Closed seankurth closed 8 years ago

seankurth commented 9 years ago

When I type

<h3 style="font-size:16pt; font-weight=bolder; color=purple;">Title</h3>

it returns a simple level 3 heading "=== Title ===" and strips all the formatting. Same goes for

<hr style="color:purple; width=50%; align=center;"> 

rather than returning a half width purple thematic break in the center of the page, it just gives me a plain, black, left-aligned "----."

riparap commented 9 years ago

If you have this kind of problems I would suggest that you create new empty page and input your text there. Doing that will eliminate effect of other texts on page with the issue you have.

1. I can input level 3 heading "Title" where "itl" is underlined and with italic and format stays when page is saved and reopened for editing. Saved code in wikitext mode seems to be like this:

=== T<u>i''tl''</u>e === 

It seems not to convert all formats in wikitext but it seems to work.

2. Have you inserted the line with "Insert Horizontal Line" button of wysiwyg? In my wiki it gives this in wikitext:

----

....or how have you created input in wysiwyg?

Could you provide wikitext code here with formats you would like to have within it in final text, so I could test it.

seankurth commented 9 years ago

I did provide the wikitext, but the 4 spaces for code thing didn't work, and I ended up with a title and horizontal line. If only markdown had an escape tag...
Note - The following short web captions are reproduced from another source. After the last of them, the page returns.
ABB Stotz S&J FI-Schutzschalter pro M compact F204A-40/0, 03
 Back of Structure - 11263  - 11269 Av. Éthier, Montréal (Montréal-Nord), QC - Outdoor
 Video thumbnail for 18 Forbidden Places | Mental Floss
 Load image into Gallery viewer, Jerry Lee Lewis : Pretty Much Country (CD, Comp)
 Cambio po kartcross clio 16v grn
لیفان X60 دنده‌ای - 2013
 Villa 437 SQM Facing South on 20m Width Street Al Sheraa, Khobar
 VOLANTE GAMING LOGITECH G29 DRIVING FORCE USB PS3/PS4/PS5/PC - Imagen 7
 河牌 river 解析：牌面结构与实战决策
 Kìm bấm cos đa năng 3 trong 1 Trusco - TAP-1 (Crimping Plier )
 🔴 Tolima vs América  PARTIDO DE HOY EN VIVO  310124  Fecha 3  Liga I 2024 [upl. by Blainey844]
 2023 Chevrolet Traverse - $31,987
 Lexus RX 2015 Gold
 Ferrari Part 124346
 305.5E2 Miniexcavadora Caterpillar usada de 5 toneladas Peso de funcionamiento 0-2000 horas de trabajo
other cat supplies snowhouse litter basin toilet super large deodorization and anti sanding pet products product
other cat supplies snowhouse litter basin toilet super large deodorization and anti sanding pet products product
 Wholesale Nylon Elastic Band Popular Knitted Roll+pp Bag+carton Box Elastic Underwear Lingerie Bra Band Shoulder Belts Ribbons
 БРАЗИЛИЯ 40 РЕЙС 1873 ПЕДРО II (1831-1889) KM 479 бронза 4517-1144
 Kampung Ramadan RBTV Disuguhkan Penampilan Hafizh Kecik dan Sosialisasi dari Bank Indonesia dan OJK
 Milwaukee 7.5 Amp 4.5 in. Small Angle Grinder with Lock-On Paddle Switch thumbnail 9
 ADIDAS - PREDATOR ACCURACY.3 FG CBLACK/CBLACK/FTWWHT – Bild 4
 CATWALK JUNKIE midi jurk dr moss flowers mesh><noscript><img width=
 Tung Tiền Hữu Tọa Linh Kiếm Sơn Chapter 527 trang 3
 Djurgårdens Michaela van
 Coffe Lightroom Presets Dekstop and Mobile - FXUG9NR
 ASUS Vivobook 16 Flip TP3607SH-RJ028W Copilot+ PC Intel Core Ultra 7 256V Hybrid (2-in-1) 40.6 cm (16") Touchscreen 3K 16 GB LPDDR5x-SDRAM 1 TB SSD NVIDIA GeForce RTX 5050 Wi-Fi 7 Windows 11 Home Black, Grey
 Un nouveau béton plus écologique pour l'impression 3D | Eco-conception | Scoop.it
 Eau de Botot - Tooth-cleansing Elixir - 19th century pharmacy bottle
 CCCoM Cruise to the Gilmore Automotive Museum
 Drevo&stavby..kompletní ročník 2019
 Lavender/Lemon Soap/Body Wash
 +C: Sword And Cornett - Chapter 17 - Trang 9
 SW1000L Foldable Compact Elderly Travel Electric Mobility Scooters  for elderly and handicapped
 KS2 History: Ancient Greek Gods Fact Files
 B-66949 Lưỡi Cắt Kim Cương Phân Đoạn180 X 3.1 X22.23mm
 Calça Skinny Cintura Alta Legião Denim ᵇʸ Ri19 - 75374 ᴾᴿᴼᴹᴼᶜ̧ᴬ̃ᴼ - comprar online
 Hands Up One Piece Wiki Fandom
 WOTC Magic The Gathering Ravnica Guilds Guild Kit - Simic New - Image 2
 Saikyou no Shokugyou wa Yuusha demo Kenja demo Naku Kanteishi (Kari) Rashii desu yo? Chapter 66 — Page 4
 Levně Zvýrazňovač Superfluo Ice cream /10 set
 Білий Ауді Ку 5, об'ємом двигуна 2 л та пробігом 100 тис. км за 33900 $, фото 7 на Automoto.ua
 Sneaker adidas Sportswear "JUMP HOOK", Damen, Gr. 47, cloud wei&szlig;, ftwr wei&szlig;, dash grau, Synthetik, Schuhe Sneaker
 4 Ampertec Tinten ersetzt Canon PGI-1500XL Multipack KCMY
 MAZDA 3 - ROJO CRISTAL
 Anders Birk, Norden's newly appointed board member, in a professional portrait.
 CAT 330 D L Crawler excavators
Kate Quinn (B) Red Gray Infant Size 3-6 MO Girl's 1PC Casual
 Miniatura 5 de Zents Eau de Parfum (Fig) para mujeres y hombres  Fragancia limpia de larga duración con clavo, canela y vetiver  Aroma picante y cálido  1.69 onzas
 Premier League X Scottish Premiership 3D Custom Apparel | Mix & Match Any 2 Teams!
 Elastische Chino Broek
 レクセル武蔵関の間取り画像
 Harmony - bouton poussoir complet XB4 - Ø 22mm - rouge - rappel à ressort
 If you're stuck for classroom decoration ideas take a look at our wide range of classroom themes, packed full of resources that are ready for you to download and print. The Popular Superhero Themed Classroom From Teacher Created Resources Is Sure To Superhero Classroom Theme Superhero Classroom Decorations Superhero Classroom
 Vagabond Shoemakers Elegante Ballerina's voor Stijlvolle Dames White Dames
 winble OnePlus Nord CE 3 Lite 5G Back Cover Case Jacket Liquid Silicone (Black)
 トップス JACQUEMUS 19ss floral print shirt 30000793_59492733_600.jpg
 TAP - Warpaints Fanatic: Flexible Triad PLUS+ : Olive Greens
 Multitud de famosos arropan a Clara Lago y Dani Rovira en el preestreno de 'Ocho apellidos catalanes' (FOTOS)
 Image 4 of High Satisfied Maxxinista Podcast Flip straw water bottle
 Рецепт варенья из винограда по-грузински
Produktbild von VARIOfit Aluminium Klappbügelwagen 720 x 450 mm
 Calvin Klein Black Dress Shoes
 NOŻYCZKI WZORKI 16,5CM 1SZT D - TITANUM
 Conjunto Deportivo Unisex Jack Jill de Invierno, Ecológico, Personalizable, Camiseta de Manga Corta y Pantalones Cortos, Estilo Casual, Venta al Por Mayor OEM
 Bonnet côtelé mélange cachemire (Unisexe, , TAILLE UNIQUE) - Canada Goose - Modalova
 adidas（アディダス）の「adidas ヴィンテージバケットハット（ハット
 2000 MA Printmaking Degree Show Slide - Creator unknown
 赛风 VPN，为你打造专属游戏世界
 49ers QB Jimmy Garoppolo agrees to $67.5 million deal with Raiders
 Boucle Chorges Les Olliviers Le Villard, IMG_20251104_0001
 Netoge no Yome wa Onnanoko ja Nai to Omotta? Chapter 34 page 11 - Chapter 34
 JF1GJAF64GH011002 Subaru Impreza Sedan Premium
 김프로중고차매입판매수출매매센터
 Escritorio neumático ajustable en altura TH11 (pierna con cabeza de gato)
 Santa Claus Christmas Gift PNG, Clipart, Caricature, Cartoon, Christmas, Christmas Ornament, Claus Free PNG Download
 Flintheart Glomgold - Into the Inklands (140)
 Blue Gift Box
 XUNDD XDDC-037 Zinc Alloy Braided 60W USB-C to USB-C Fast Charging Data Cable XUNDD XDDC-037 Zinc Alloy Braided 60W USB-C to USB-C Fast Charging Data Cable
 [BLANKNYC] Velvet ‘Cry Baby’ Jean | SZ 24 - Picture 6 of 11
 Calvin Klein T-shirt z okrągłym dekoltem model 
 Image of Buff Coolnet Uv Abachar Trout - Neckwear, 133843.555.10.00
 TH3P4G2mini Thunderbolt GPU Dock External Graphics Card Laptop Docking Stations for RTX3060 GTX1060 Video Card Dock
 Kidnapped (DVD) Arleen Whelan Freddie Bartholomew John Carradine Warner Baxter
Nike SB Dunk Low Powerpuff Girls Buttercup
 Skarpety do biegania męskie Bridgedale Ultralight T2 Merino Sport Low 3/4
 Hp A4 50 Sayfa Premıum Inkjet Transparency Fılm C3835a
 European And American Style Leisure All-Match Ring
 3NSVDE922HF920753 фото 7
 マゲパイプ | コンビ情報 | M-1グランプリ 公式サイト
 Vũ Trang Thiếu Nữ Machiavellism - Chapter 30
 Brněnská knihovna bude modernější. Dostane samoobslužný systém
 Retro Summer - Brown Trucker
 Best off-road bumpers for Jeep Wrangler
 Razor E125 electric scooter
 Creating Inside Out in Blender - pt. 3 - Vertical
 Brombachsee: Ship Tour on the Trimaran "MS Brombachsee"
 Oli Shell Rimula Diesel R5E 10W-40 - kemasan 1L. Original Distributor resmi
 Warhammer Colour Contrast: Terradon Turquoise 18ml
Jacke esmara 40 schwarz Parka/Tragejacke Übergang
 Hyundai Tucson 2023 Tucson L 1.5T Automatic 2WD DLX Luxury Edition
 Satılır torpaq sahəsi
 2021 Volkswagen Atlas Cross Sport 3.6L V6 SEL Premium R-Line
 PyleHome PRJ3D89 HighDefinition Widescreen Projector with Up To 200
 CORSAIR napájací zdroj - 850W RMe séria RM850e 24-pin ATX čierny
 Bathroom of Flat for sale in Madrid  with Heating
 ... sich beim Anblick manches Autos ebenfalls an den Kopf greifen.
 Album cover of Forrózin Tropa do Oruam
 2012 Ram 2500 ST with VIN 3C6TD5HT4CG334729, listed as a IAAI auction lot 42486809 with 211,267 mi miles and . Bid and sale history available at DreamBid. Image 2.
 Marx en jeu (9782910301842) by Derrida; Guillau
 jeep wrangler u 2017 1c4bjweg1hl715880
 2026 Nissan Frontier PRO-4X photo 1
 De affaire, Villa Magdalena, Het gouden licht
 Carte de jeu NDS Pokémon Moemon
EDIT: Turns out, the github flavor does. The code is there now.

All my issues seem to occur when loading a template from the preloader extension. Maybe it should be added to the list of incompatible extensions until WYSIWYG can parse all the style tags right?

riparap commented 9 years ago

No problem, please feel free to do that. At this moment I do not know how to fix this.

seankurth commented 9 years ago

OK, will do.

riparap commented 9 years ago

I am not familar with preloader extension and I do not understand relation of it to wysiwyg :) What format pages created for it have, are they in plain wikitext code or do they include also html code. Is it possible to create those template pages using wysiwyg, then you would not have compatibility problems, because you would only use formatting which wysiwyg understands? ...Could you explain briefly how it works.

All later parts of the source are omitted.